Sweet, going to try it, Outlaw loves them worms. Plus my daughter loves bugs. Worms are cheap here, they sell them at gas stations.


----------



## Roslyn (Jun 21, 2012)

TinyHouse said:


> I'm still figuring this whole vermicomposting thing out though - how do you separate the good stuff from the worms without accidentally taking out too many worms?


I remember reading the directions for a commercial worm keeping tub thing from a catalog. It was on the short list for my birthday, but anyway......

It came with stacking racks that were perforated or mesh on the bottom. Once the worms ate the goodies in the soil, then you added more damp newspaper and more goodies to the next tray, the worms worked their way up through the base of the tray to the new goodies allowing you to take the bottom tray, empty the "dirt and poo" and then placing that tray on the top and so on and so on.

I've never done the worms, I let wild ones come into the yard though. They are fun to shine a light on and watch on rainy nights, who knew something with no legs could move so fast!!


----------



## Energyvet (Jul 25, 2012)

I used to love worm hunting as a kid. Hahaha. I thought you needed special red worms. I didn't know I could use regular earth worms. Can I use regular earthworms?


----------



## TinyHouse (Aug 31, 2012)

Roslyn said:


> It came with stacking racks that were perforated or mesh on the bottom. Once the worms ate the goodies in the soil, then you added more damp newspaper and more goodies to the next tray, the worms worked their way up through the base of the tray to the new goodies allowing you to take the bottom tray, empty the "dirt and poo" and then placing that tray on the top and so on and so on.
> 
> I've never done the worms, I let wild ones come into the yard though. They are fun to shine a light on and watch on rainy nights, who knew something with no legs could move so fast!!


That's exactly the worm bed I have that someone gave to me.

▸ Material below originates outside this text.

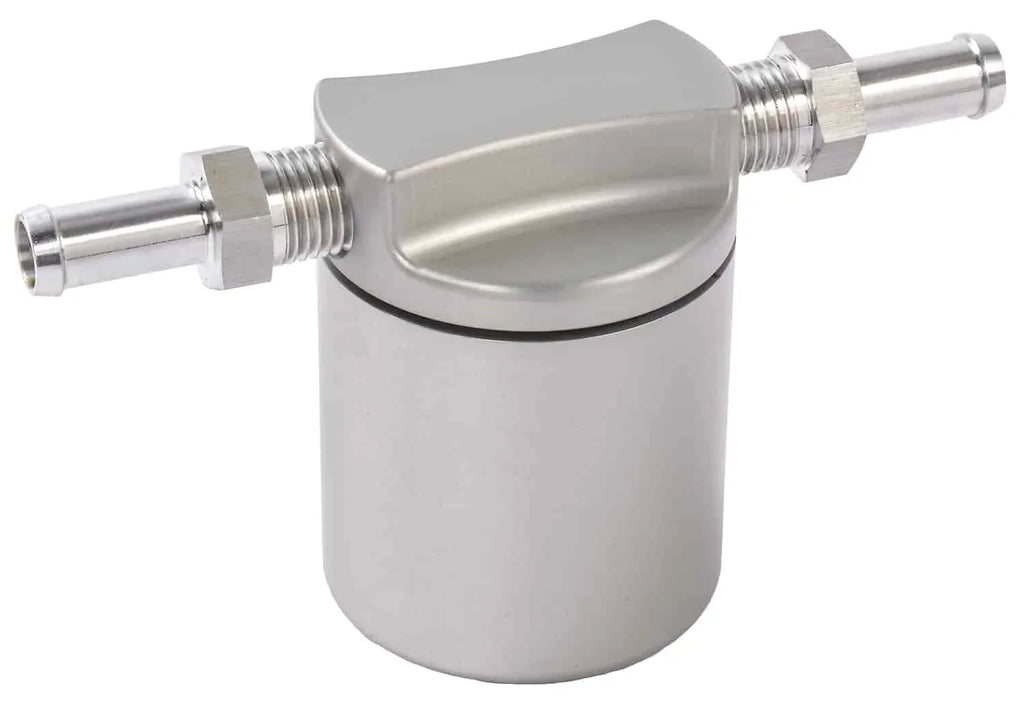 JEGS Oil Air Design Aluminum Universal Separator Small/Lightweight Billet 52206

During my two moves in 4 months though, I seem to have misplaced the extra stacking box.  As soon as I find it I'll be able to separate the good stuff from the worms a lot more easily.

When I start another bed, I'm just going to use a plastic tub and drill holes. That's when I'm more worried about how to separate. I saw a video on one of the sites that sell worms showing how they get just the worms out to ship and sell, it was the wildest thing - and of course, now I can't find that video. *sigh* I'm still looking....

And you are right, it's amazing how fast they can move. I tried to get some out the other day to feed to the chicks (they were unimpressed), I had a heck of a time catching them because they disappeared down through those holes in the rack.


----------



## cogburn (Jul 16, 2012)

Yes you can buy really nice and attractive worm bins, some actually match your kitchen colors and furniture styles, but they are rather
Expensive too. I just catch a sale at the dollar store and buy 2-3 Rubbermaid tubs and keep them on hand for all kinds of things and they are handy and cheap. (so am I)
The Red Wigglers are the composting worms, I've tried to add just regular old night crawlers to an existing worm bin and they did not survive, I think because they are raised in a cool environment and kept refrigerated for fishing bait, that's why they don't live long after they get warm.. If any of you are on Pinterest, type worm bin in the search bar and you will have plenty to look at and styles to research and see what best fits your style. 
Cogburn


----------



## TinyHouse (Aug 31, 2012)

BootedBantam said:


> Worms are cheap here, they sell them at gas stations.


Yeah, I was going to ask you about that Booted. Those are probably earth worms for fishing maybe? That's not the kind you want for a worm bed.

Like cog says - red wigglers.


----------



## TinyHouse (Aug 31, 2012)

Well, this isn't the video that I was talking about but it shows that all they really do is lightly scrape the composted stuff off the top until all that's left is worms:

http://www.wormsetc.com/worms-etc-blog/page/2/


----------



## BootedBantam (Aug 31, 2012)

check check......I see why you use the red wigglers now. They are composting worms. I actually found a place online that has them at a good price and I have everything else to start. I know Outlaw loves them and he makes happy sounds when he gets them. I have been giving him the ones in my garden. Thanks for the info.


----------



## TinyHouse (Aug 31, 2012)

And this place has LOTS of videos and info:

http://www.redwormcomposting.com/worm-composting-videos/


----------